> [The task]: Key in the whole listing below again, keeping every word as it is.
___ Available records
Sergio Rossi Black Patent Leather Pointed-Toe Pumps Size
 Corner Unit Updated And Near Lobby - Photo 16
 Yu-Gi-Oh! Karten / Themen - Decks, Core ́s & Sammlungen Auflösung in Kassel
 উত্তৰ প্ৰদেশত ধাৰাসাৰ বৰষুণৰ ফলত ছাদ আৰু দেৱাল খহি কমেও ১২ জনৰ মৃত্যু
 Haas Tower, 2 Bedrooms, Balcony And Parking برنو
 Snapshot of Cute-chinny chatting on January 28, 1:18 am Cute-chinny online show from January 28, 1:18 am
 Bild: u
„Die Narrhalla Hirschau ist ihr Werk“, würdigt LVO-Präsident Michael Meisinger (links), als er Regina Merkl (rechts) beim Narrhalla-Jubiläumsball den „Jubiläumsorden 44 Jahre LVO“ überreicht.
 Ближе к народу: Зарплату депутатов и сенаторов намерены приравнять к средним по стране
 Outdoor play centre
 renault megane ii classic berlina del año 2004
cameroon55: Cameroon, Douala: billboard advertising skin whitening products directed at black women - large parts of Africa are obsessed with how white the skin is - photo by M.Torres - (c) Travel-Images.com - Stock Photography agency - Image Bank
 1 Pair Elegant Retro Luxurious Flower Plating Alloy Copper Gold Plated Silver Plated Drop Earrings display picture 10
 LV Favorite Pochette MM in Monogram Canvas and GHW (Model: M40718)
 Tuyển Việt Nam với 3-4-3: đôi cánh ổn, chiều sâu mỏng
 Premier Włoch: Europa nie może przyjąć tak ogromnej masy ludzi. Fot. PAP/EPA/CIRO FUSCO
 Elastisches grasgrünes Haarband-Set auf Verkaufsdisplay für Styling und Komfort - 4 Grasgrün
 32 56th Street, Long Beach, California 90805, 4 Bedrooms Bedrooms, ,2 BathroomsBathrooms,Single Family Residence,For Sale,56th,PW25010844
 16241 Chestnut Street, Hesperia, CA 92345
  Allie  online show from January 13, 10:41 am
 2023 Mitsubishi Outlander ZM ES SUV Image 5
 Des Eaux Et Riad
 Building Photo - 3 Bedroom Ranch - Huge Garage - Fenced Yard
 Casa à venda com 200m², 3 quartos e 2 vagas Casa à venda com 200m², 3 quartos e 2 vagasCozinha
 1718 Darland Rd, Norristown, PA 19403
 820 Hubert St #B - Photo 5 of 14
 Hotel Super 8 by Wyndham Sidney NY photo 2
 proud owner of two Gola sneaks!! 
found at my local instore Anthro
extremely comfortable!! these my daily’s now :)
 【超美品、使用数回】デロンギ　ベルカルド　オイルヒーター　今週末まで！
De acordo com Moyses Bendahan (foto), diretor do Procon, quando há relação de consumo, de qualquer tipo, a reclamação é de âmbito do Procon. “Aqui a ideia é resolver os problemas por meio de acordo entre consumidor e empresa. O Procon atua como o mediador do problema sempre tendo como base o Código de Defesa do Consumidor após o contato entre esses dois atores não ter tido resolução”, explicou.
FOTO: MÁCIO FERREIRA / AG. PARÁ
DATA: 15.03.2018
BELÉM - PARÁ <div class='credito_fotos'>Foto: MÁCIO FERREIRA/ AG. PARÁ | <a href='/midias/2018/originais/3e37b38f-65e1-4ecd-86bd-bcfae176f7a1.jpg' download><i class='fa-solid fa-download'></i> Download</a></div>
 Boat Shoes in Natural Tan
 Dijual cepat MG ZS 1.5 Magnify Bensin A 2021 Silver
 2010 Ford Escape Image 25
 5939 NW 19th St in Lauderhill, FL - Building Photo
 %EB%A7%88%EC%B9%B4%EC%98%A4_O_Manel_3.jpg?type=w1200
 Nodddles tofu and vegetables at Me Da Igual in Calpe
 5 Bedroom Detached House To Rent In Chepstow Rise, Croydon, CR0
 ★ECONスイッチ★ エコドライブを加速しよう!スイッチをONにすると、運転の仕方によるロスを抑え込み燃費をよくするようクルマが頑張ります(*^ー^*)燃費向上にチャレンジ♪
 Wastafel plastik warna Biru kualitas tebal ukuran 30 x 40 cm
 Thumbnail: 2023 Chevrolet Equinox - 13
______
> [Finished exercise]:
Sergio Rossi Black Patent Leather Pointed-Toe Pumps Size
 Corner Unit Updated And Near Lobby - Photo 16
 Yu-Gi-Oh! Karten / Themen - Decks, Core ́s & Sammlungen Auflösung in Kassel
 উত্তৰ প্ৰদেশত ধাৰাসাৰ বৰষুণৰ ফলত ছাদ আৰু দেৱাল খহি কমেও ১২ জনৰ মৃত্যু
 Haas Tower, 2 Bedrooms, Balcony And Parking برنو
 Snapshot of Cute-chinny chatting on January 28, 1:18 am Cute-chinny online show from January 28, 1:18 am
 Bild: u
„Die Narrhalla Hirschau ist ihr Werk“, würdigt LVO-Präsident Michael Meisinger (links), als er Regina Merkl (rechts) beim Narrhalla-Jubiläumsball den „Jubiläumsorden 44 Jahre LVO“ überreicht.
 Ближе к народу: Зарплату депутатов и сенаторов намерены приравнять к средним по стране
 Outdoor play centre
 renault megane ii classic berlina del año 2004
cameroon55: Cameroon, Douala: billboard advertising skin whitening products directed at black women - large parts of Africa are obsessed with how white the skin is - photo by M.Torres - (c) Travel-Images.com - Stock Photography agency - Image Bank
 1 Pair Elegant Retro Luxurious Flower Plating Alloy Copper Gold Plated Silver Plated Drop Earrings display picture 10
 LV Favorite Pochette MM in Monogram Canvas and GHW (Model: M40718)
 Tuyển Việt Nam với 3-4-3: đôi cánh ổn, chiều sâu mỏng
 Premier Włoch: Europa nie może przyjąć tak ogromnej masy ludzi. Fot. PAP/EPA/CIRO FUSCO
 Elastisches grasgrünes Haarband-Set auf Verkaufsdisplay für Styling und Komfort - 4 Grasgrün
 32 56th Street, Long Beach, California 90805, 4 Bedrooms Bedrooms, ,2 BathroomsBathrooms,Single Family Residence,For Sale,56th,PW25010844
 16241 Chestnut Street, Hesperia, CA 92345
  Allie  online show from January 13, 10:41 am
 2023 Mitsubishi Outlander ZM ES SUV Image 5
 Des Eaux Et Riad
 Building Photo - 3 Bedroom Ranch - Huge Garage - Fenced Yard
 Casa à venda com 200m², 3 quartos e 2 vagas Casa à venda com 200m², 3 quartos e 2 vagasCozinha
 1718 Darland Rd, Norristown, PA 19403
 820 Hubert St #B - Photo 5 of 14
 Hotel Super 8 by Wyndham Sidney NY photo 2
 proud owner of two Gola sneaks!! 
found at my local instore Anthro
extremely comfortable!! these my daily’s now :)
 【超美品、使用数回】デロンギ　ベルカルド　オイルヒーター　今週末まで！
De acordo com Moyses Bendahan (foto), diretor do Procon, quando há relação de consumo, de qualquer tipo, a reclamação é de âmbito do Procon. “Aqui a ideia é resolver os problemas por meio de acordo entre consumidor e empresa. O Procon atua como o mediador do problema sempre tendo como base o Código de Defesa do Consumidor após o contato entre esses dois atores não ter tido resolução”, explicou.
FOTO: MÁCIO FERREIRA / AG. PARÁ
DATA: 15.03.2018
BELÉM - PARÁ <div class='credito_fotos'>Foto: MÁCIO FERREIRA/ AG. PARÁ | <a href='/midias/2018/originais/3e37b38f-65e1-4ecd-86bd-bcfae176f7a1.jpg' download><i class='fa-solid fa-download'></i> Download</a></div>
 Boat Shoes in Natural Tan
 Dijual cepat MG ZS 1.5 Magnify Bensin A 2021 Silver
 2010 Ford Escape Image 25
 5939 NW 19th St in Lauderhill, FL - Building Photo
 %EB%A7%88%EC%B9%B4%EC%98%A4_O_Manel_3.jpg?type=w1200
 Nodddles tofu and vegetables at Me Da Igual in Calpe
 5 Bedroom Detached House To Rent In Chepstow Rise, Croydon, CR0
 ★ECONスイッチ★ エコドライブを加速しよう!スイッチをONにすると、運転の仕方によるロスを抑え込み燃費をよくするようクルマが頑張ります(*^ー^*)燃費向上にチャレンジ♪
 Wastafel plastik warna Biru kualitas tebal ukuran 30 x 40 cm
 Thumbnail: 2023 Chevrolet Equinox - 13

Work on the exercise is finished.